Calculation time of a parallel computation with OpenMP and a CPU using MGCR solver

Fig. 11
figure 11

Calculation time of a parallel computation with OpenMP and a CPU using CR solver

Overall, in parallel computation, the multigrid solvers (MGCR and MGCG) did not perform well in the small cases due to the large overhead cost with respect to the preconditioning stage, but they were efficient in the large cases where the number of iterations mainly determines the total computational time.
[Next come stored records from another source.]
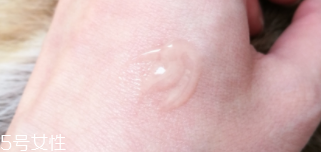 海藍之謎去皺精華用多久能見效？至少3個月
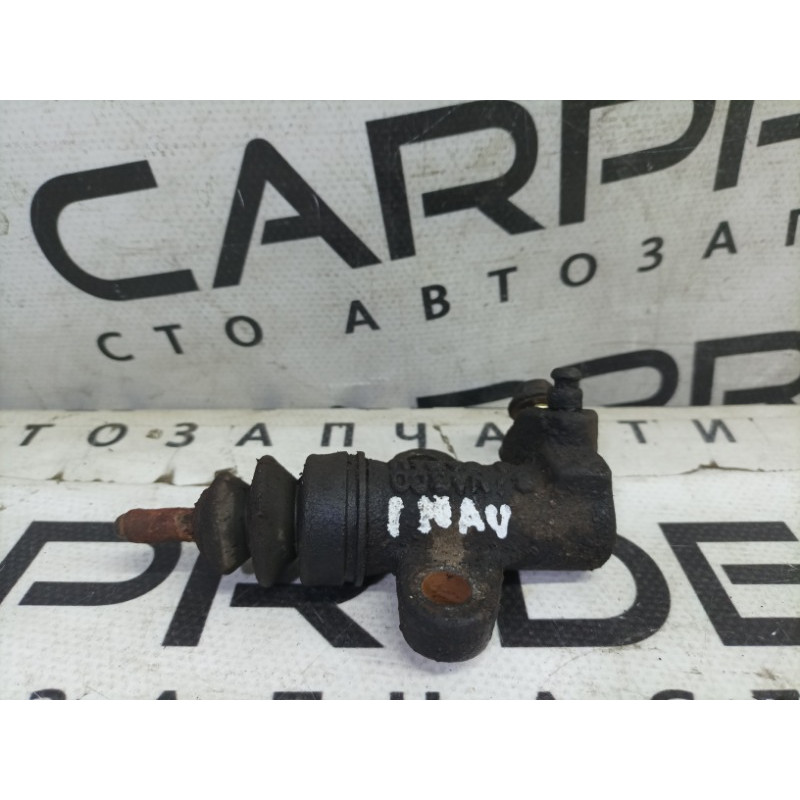 Рабочий цилиндр сцепления (трансмиссия) Nissan Navara D22 2004 2.5 3062056G60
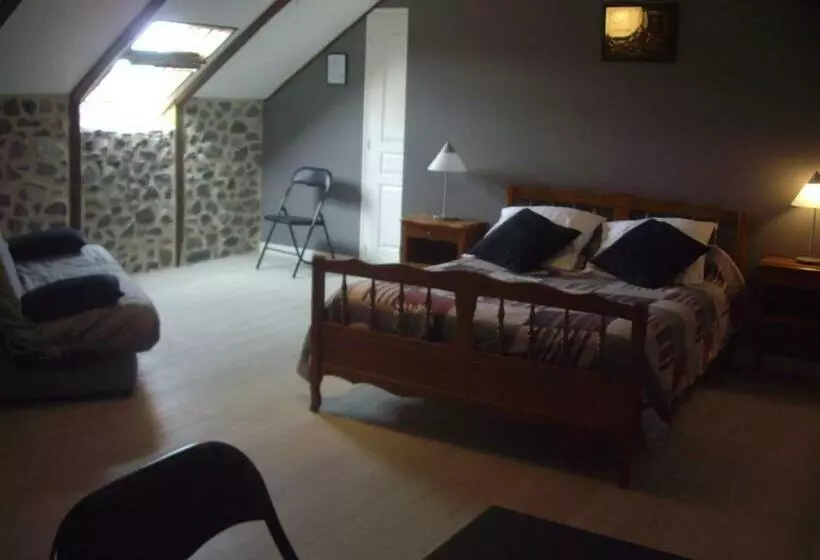 Aamiaismajoitus (B&B) Ferme De Lamourio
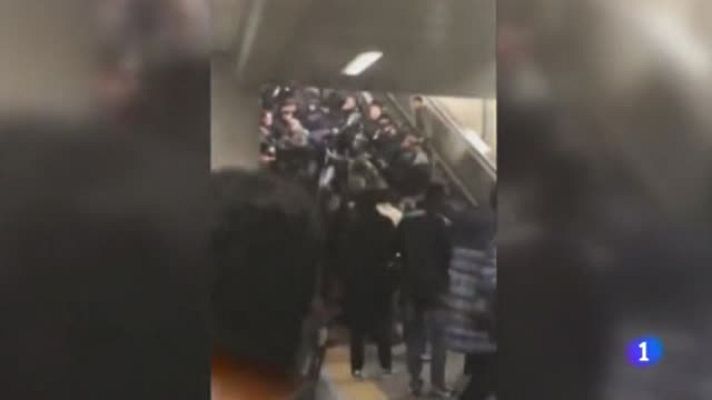 Telediario 1 - Ultras del Besiktas y Napolés se pelean antes del partido de Champions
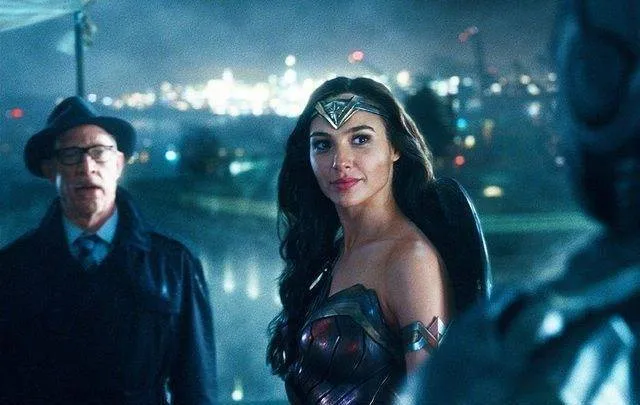 这些DC里的超级女英雄，能否拯救DC宇宙？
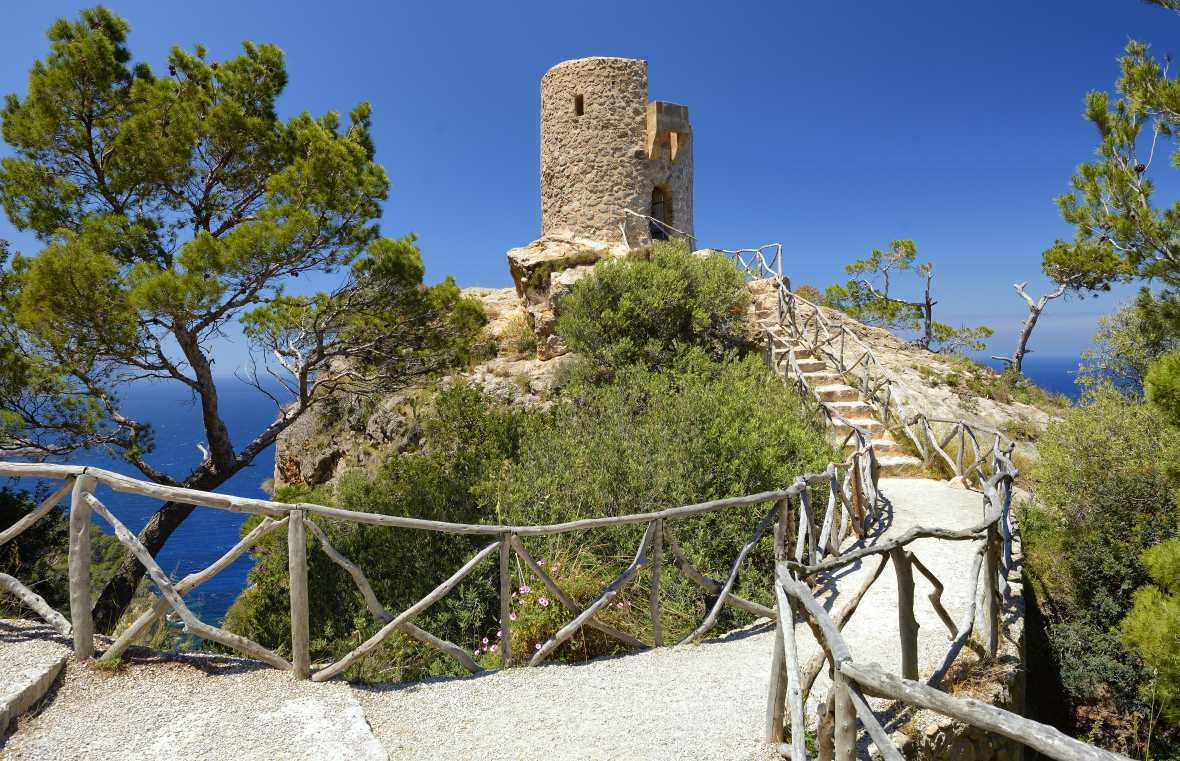 Historická strážní věž nad pobřežím Mallorcy.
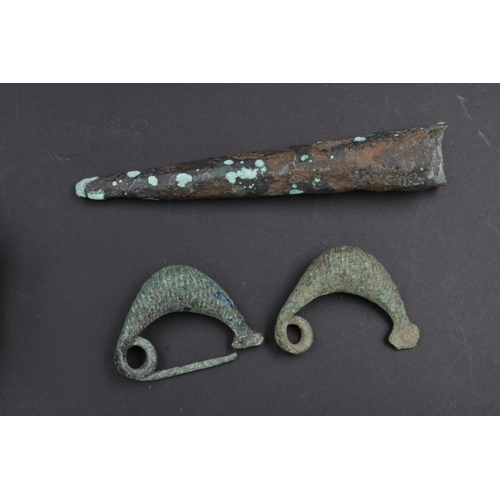 207 - Large amount of Bronze artifacts, including a Villanovan Bronze Spear Head, bracelet and horse buckl... 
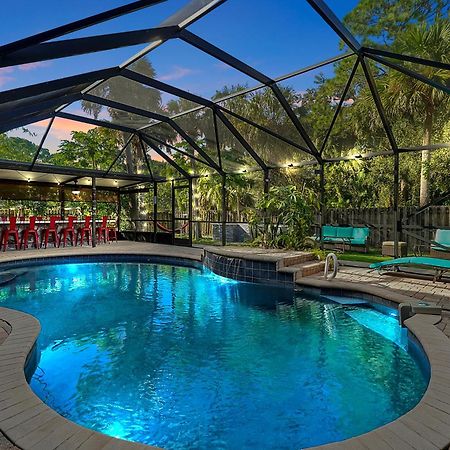 Вилла Poolside Cocoa Oasis W/ Tiki Bar! Frontenac Экстерьер фото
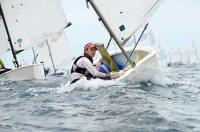 Álvaro del Busto, líder a falta de una jornada del Trofeo Internacional AECIO de Optimist
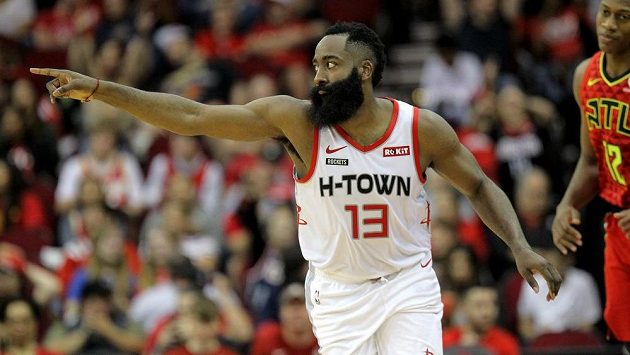 Zatím nejlepší střelec letošní sezony NBA James Harden oslavuje jednu ze svých trojek v zápase s Atlantou. Zatím nejlepší střelec letošní sezony NBA James Harden oslavuje jednu ze svých trojek v zápase s Atlantou.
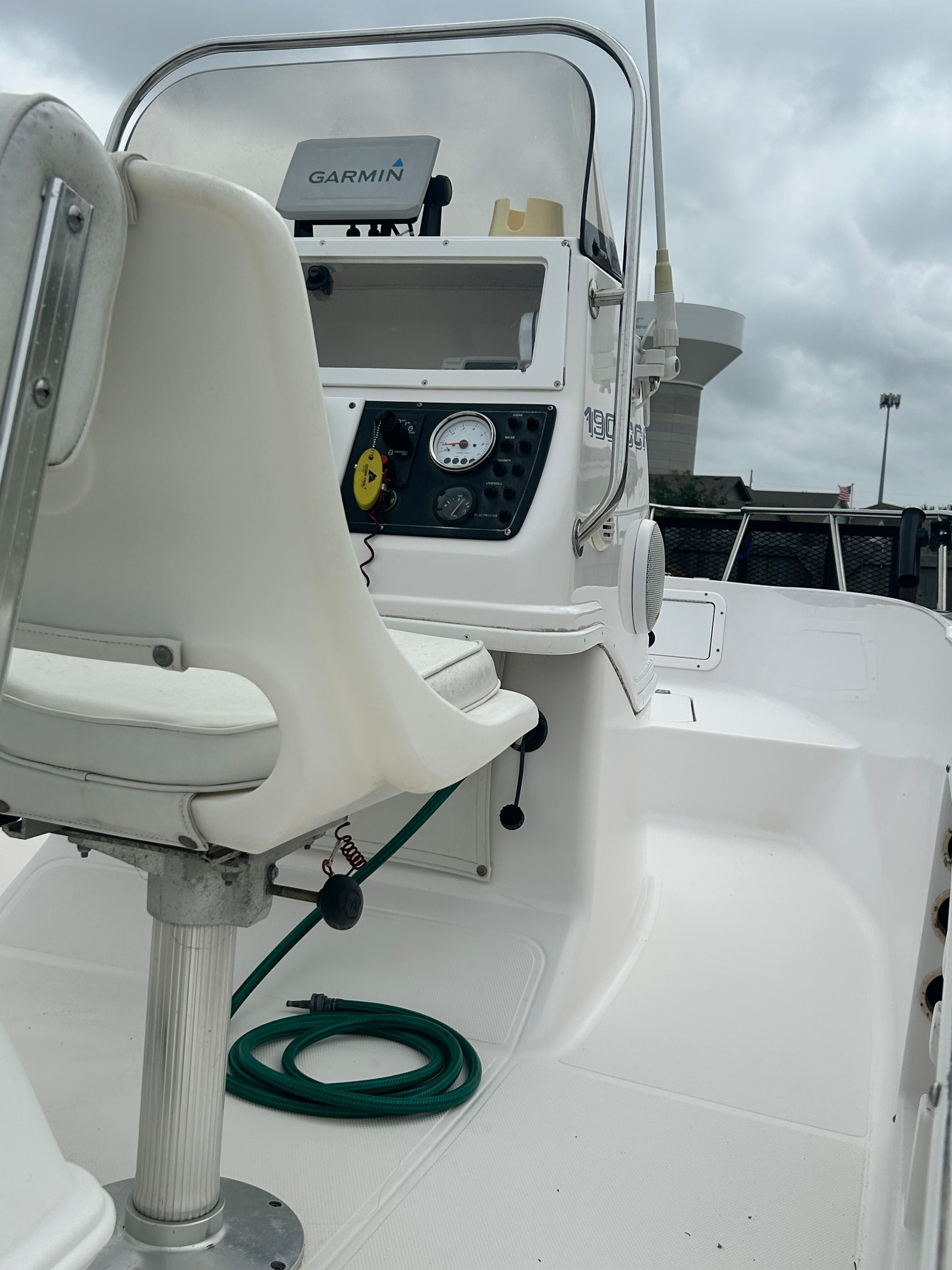 1997 Wellcraft 190 CCF - 10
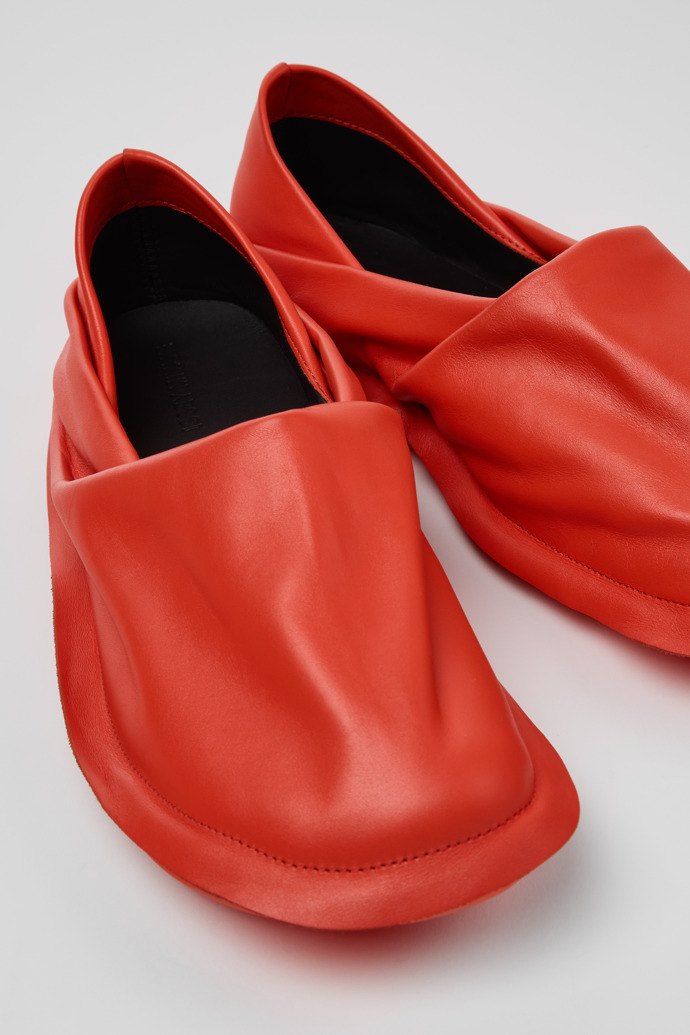 Camper x ISSEY MIYAKE - Peu Form Sabata d’home de pell de color vermell.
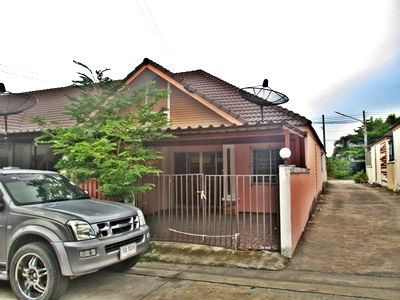 Townhouses for sale Chonburi : FOR SALE  TOWNHOUSE PROPERTY  855000 BAHT.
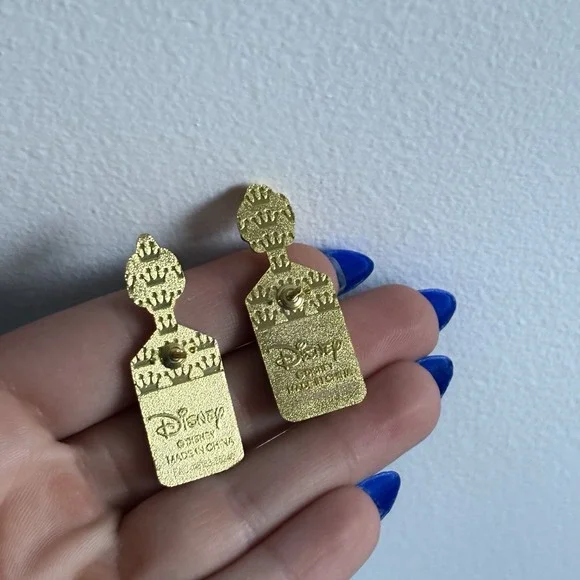 Loungefly Disney Princess Luggage Tag Blind Box Pin Rapunzel Cinderella Opened - Picture 6 of 7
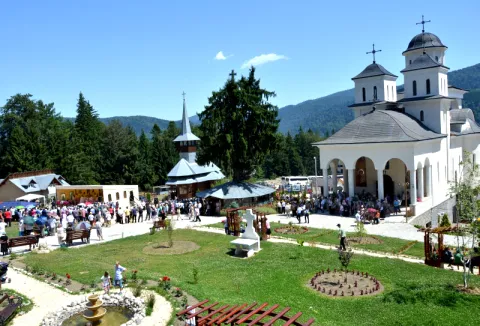 Hramul Mănăstirii prahovene Caraiman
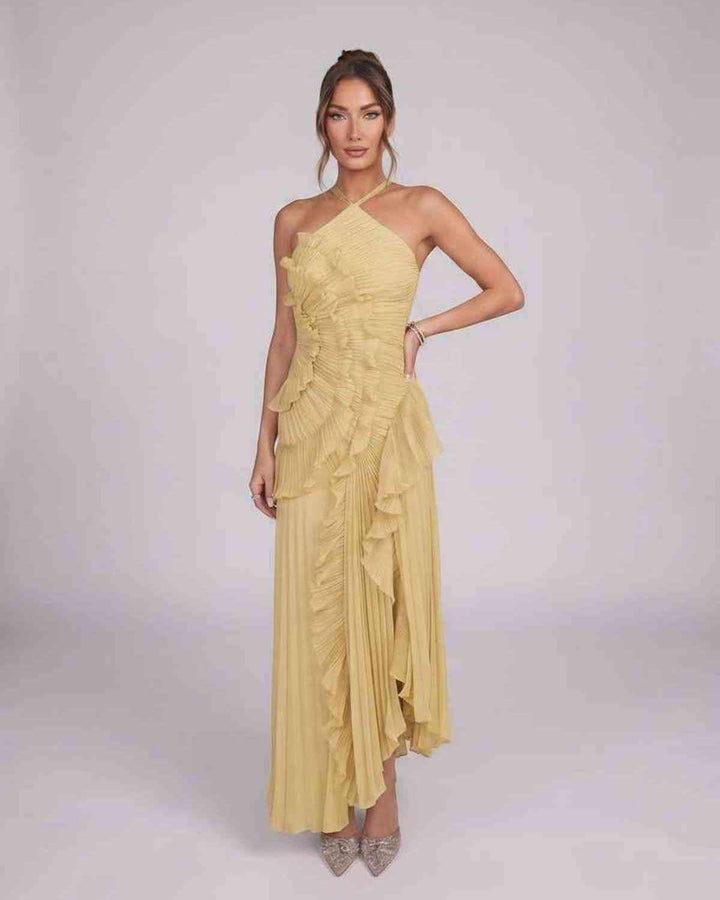 Vestido para ocasiones especiales, maxi asimétrico con cuello halter, estilo fluido sin mangas.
4.4 Three-dimensional calculations

The trends observed in the above sections were almost the same as those in the 3D calculations. Here, a simple 3D high-viscosity incompressible dam break problem (Fig. 12) was taken as an example. Based on the conditions in Table 1, the calculation conditions in the 3D scaled cases are given in Table 4. The calculations were conducted on a GPU (A100 (80 GB)) with OpenACC applying the MGCR and CR solvers. The number of solver iterations at t = 0.2 s is shown in Fig. 13. While the CR method suffered from a large number of iterations in the large cases, the MGCR method could suppress the iterations even in the large cases. The breakdowns of the unit calculation times are shown in Fig. 14. Since the parallel efficiency of the preconditioning was not good, the MGCR method was slower than the CR method in the small cases. In contrast, the MGCR method was faster in the large cases where the number of iterations mainly determines the total computational time. This indicates that the multigrid technique is useful for both 2D and 3D parallel calculations when the problem size is sufficiently large.

Fig. 12
figure 12

Dam-break calculation of a highly viscous incompressible flow in 3D

Table 4 Calculation conditions for the scaled cases in 3D
Fig. 13
figure 13

Number of iterations in the 3D scaled cases (Table 4)

Fig. 14
figure 14

Calculation time in the 3D scaled cases (Table 4) computed with OpenACC and a GPU

5 Conclusion

In this study, a scalable MPH-I method was developed. A derivation of the SPD matrix equation through pressure substitution [21] was presented, and additionally, it was shown that the SPD feature generally appears in a physically consistent system by deriving it from the analytical mechanical equation [23]. To solve the SPD matrix equation, a bucket-based multigrid preconditioner was constructed such that it satisfies the condition for application to the CG and CR solvers. Moreover, to handle the complexity due to multidimensionality, the extended Jacobi iteration, which is also applicable for nondiagonally dominant matrix equations, was proposed. In the benchmark calculations, the simple high-viscosity incompressible dam break problems were calculated with the MGCR, MGCG, CR and CG solvers in both 2D and 3D. The number of iterations could be suppressed by the multigrid solvers, and it was smaller with the CR solvers than with the CG solvers regardless of the preconditioning steps. Consequently, the MGCR solver showed the best performance of the four, and the number of iterations hardly depended on the problem size. In fact, the computational time in the single CPU calculation was almost proportional to the numbers of particles and time steps, and the scalability was presented within the tested cases. The performance of the multigrid solvers was also tested in parallel computations on a CPU and GPU. For the small problems, the MGCR and MGCG solvers were slower than the CR and CG solvers because of the large overhead cost in the preconditioning process. However, they showed better performance than conventional solvers for large problems, where the number of solver iterations mainly determines the calculation time.